Respiro profundo, mientras el agua a mi alrededor de nuevo sigue su rumbo. Por dentro siento cómo mis pulmones crecen y me inflan el pecho, y me siento completo, me siento con paz, con esa paz que sentí el día que te vi en aquel café. A pesar de mis inseguridades. A pesar de mis fobias sociales. Si te soy sincero, siento que tú te volviste esa prueba que necesitaba experimentar. Necesitaba aprender que soy capaz de tomarme las cosas más despacio, que puedo pararme a respirar. Que está bien de vez en cuando dejar de pensar en mañana, y disfrutar lo que hoy me toca disfrutar. Por eso guardo en mi mente tantas fotos: de lugares especiales contigo, de ratos tontos. Encontré en cada segundo a tu lado una oportunidad de parar el tiempo y aprender a observar la vida pasar. Alguna vez te lo dije, y lo sostengo: de verdad te agradezco por esto, aunque nos dure lo que nos tenga que durar. Que el tiempo se vuelve infinito solamente cuando lo dejas de pensar. Así aprendí a dejar de sentir los días contigo como uno menos, y comencé a verlos como uno más. Dejé de voltear a ver el reloj: platicando juntos, de ti, de mí, de tus sueños y de los míos, y escucharte se volvía eso que yo esperaba con ansias toda la semana, no solo por lo que decías, sino por cómo te expresabas, porque sé que tú no te puedes dar cuenta de eso, pero cuando hablas de las cosas que te apasionan hay algo que se enciende en tu mirada, como si reflejara tu alma, aunque a veces me la escondas, y en lugar de verme a los ojos voltees nerviosa hacia abajo cuando me hablas… aunque me digas que ya hablaste mucho, que si fueras yo, te callaba.

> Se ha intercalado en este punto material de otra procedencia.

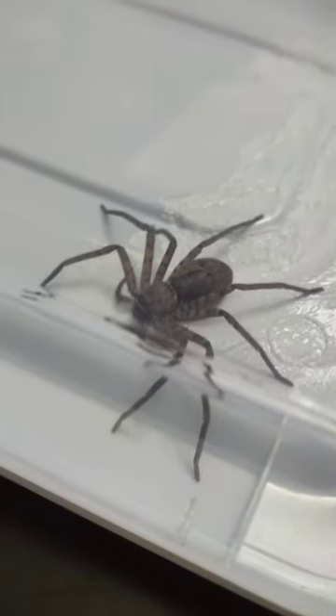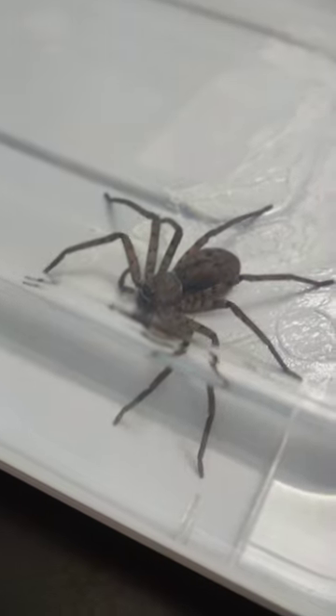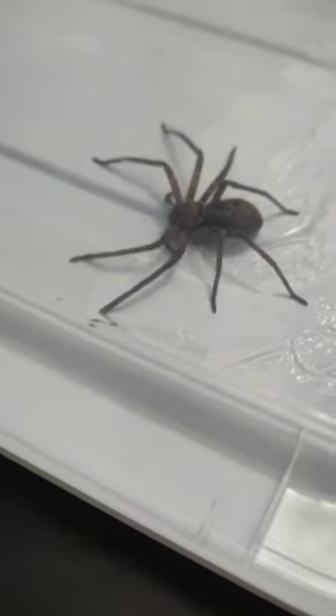Huntsman spider, up close. Better in this container than roaming around the rooms. I would have likely smashed this spider dead, but I found out they only eat little roaches and spiders smaller than them.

Así, sin darnos cuenta, las horas volaban, hasta que ya era demasiado tarde y me decías que estabas cansada. Y aún faltaba mi instante favorito: besarnos al despedirnos lo era, lo admito. Poder sentir que todo pasa a segundo plano, sentir que me derrito, como si tus labios fueran esa órbita en la que gravito. Y al despedirnos finalmente me tocaba aterrizar, y pensar en cuál iba a ser el siguiente lugar al que te querría invitar. No terminaba ni siquiera de pensar, cuando abrías la puerta nuevamente y me pedías un último beso en la frente, y te decía “detente, mejor bésame lentamente, quiero grabar este instante para siempre en mi mente.” Y te reías de mí, y yo de ti, y los dos de nosotros… Y entonces te vas. De la puerta de mi coche a tu casa cuento los veinte pasos que das, hasta que subes un par de escalones que a menudo sueles brincar. Atraviesas la puerta, hasta no verte más. “Buenas noches. Duerme bonito. Acabo de llegar”.

El mar tiene algo especial ¿no lo crees? Es tan finito e infinito a la vez, como si tuviera una capacidad enorme de limpiar a uno por dentro, aunque solo durante un corto tiempo. Después hay que salir, que la vida sigue y no se va a parar. Y así, mientras abro los ojos, escucho de nuevo a las gaviotas volar. Y te veo aquí, de frente, sonriendo, extendiéndome tu mano e invitándome a nadar. “Volvamos a la orilla. Sentémonos entre la gente. Veamos caer el sol.” Y yo, por dentro, sintiéndome el más afortunado de que existamos tú y yo.